Method and apparatus for adapting the language model's size in a

Data processing: speech signal processing – linguistics – language – Speech signal processing – Recognition

Patent

Rate now

  [ 0.00 ] – not rated yet Voters 0   Comments 0

Details

704257, 704248, 704238, G10L 900

Patent

active

058999736

DESCRIPTION:

BRIEF SUMMARY
TECHNICAL FIELD

The present invention concerns speech recognition systems being implemented in a digital computer, or speech recognition devices like dictaphones or translation devices for telephone installations. In particular, the invention is directed to a mechanism for decreasing the size of the statistical language model in such speech recognition systems in order to reduce the needed resources, such as storage requirements, to process such systems. The language model's size can be also adapted to the system environment conditions or user specific speech properties.

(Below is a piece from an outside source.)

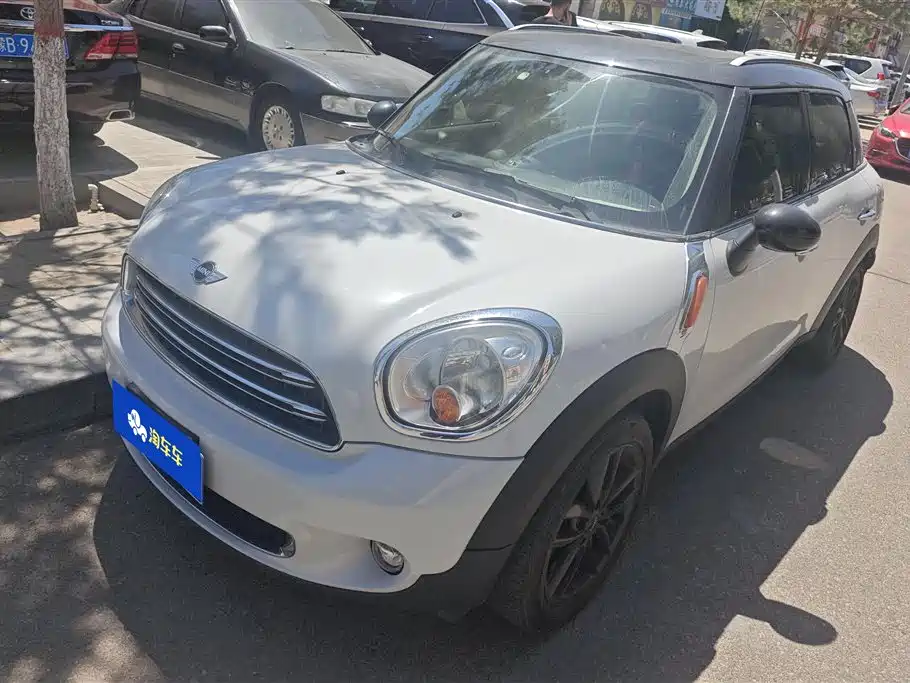 MINI JCW Countryman 2016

BACKGROUND OF THE INVENTION

In speech recognition systems being based on a statistical language model approach instead of being knowledge based, for example the English speech recognition system TANGORA developed by F. Jelinek et al. at IBM Thomas J. Watson Research Center in Yorktown Heights, USA, and published in Proceedings of IEEE 73(1985)11, pp.1616-24), entitled "The development of an experimental discrete dictation recognizer", the recognition process can be subdivided into several steps. The tasks of these steps depicted in FIG. 1 (from article by K. Wothke, U. Bandara, J. Kempf, E. Keppel, K. Mohr, G. Walch (IBM Scientific Center Heidelberg), entitled "The SPRING Speech Recognition System for German", in Proceedings of Eurospeech 89, Paris 26.-28.IX.1989), are signal by a signal processor; to produce the observed label sequence; the language by means of a statistical language model.
The whole system can be either implemented on a digital computer, for example a personal computer (PC), or implemented on a portable dictaphone or a telephone device. The speech signal is amplified and digitized, and the digitized data are then read into a buffer memory contained for example in the signal processor. From the resulting frequency spectrum a vector of a number of elements is taken and the spectrum is adjusted to account for an ear model.
Each vector is compared with a number of (say 200) speaker dependent prototype vectors. The identification number which is called an acoustic label, of the most similar prototype vector, is taken and sent to the subsequent processing stages. The speaker dependent prototype vectors are generated from language specific prototype vectors during a training phase for the system with a speech sample.
The fast acoustic match determines for every word of a reference vocabulary the probability with which it would have produced the sequence of acoustic labels observed from the speech signal. The probability of a word is calculated until either the end of the word is reached or the probability drops below a pre-specified level. The fast match uses as reference units for the determination of this probability a so-called phonetic transcription for each word in the reference vocabulary, including relevant pronunciation variants, and a hidden Markov model for each allophone used in the phonetic transcription. The phonetic transcriptions are generated by use of a set of phoneticization rules (l.c.)
The hidden Markov model of an allophone describes the probability with which a substring of the sequence of acoustic labels corresponds to the allophone. The Markov models are language specific and the output and transition probabilities are trained to individual speakers. The Markov model of the phonetic transcription of a word is the chain of the Markov models of its allophones.
The statistical language model is one of the most essential parts of a speech recognizer. It is complementary to the acoustic model in that it supplies additional language-based information to the system in order to resolve the uncertainty associated with the word hypothesis proposed by the acoustic side. In practice, the acoustic side proposes a set of possible word candidates with the probabilities being attached to each candidate. The language model, on the other hand, predicts the possible candidates with corresponding probabilities. The system applies maximum likelihood techniques to find the most probable candidate out of these two sets of

REFERENCES:
patent: 5072452 (1991-12-01), Brown et al.
patent: 5127043 (1992-06-01), Hunt et al.
patent: 5444617 (1995-08-01), Merialdo
patent: 5680511 (1997-10-01), Baker et al.
patent: 5710866 (1998-01-01), Alleva et al.

LandOfFree

Say what you really think

Search LandOfFree.com for the USA inventors and patents. Rate them and share your experience with other people.

Rating

Method and apparatus for adapting the language model's size in a does not yet have a rating. At this time, there are no reviews or comments for this patent.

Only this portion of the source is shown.